Ha avuto pressione da parte dei parenti delle vittime durante la lavorazione del film?
Nessuno mi ha messo pressione e nessuno mi ha tenuto d'occhio. Ho deciso io da solo cosa potessi raccontare e cosa no. Non è un biopic ma un film che racconta una cerca circostanza. Dicevo sempre agli attori di non recitare... ma di essere semplicemente quei personaggi. Ho cercato di ridurre al minimo gli effetti hollywoodiani. Certamente ho cambiato qualcosa rispetto al resoconto dettagliato degli eventi. Ma tutto ciò è inevitabile se vuoi un film di questo tipo.

Era importante mantenere una somiglianza fisica tra gli attori e le persone vere di quella drammatica vicenda?
Ho cercato il cuore del personaggio. Il centro interiore. Rob Hall era una persona onesta e semplice e penso che Jason lo rappresenti molto bene anche se è australiano. I neozelandesi sono molto alla mano e un po' campagnoli proprio come noi islandesi. Beck Weathers non poteva essere nessun altro se non Josh Brolin: sguaiato e comico ma con una sensibilità interiore che non ti aspetti. Jake Gyllenhaal doveva portare una differente energia.
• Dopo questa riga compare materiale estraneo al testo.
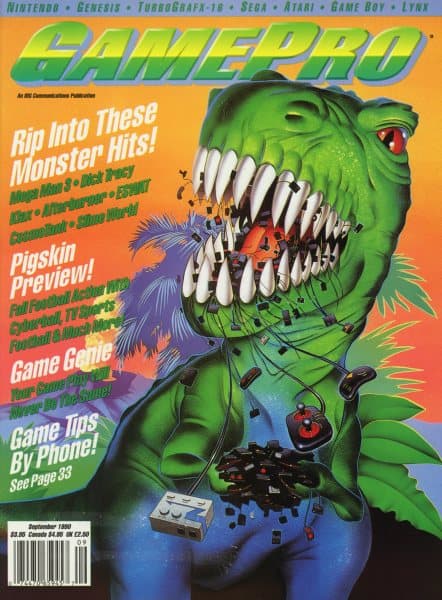 Cover of GamePro issue 14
Il suo Scott Fischer era diverso dai neozeldandesi ed era più... "americano" e rilassato.

Possiamo dire che il tema sotterraneo del film è: "Non fatelo!"
No. Il mio è più un avvertimento che dice: "Se lo vuoi fare è meglio che ti prepari molto bene". Io non voglio dire cosa la gente deve o non deve fare o pensare.

Si è dato una risposta al perché questi scalatori amatoriali sono così ossessionati dall'arrivare in vetta?
Non c'è una risposta semplice. E' un test in cui misuri te stesso in relazione alla natura. I montanari non sono filosofi. Non lo sanno spiegare perché fanno quello che fanno.

Chi è l'elicotterista in quella scena finale così riuscita da risultare la migliore del film?
E' un attore nepalese di nome Vijay Lama. E' famosissimo in televisione da quelle parti. Una vera e propria star.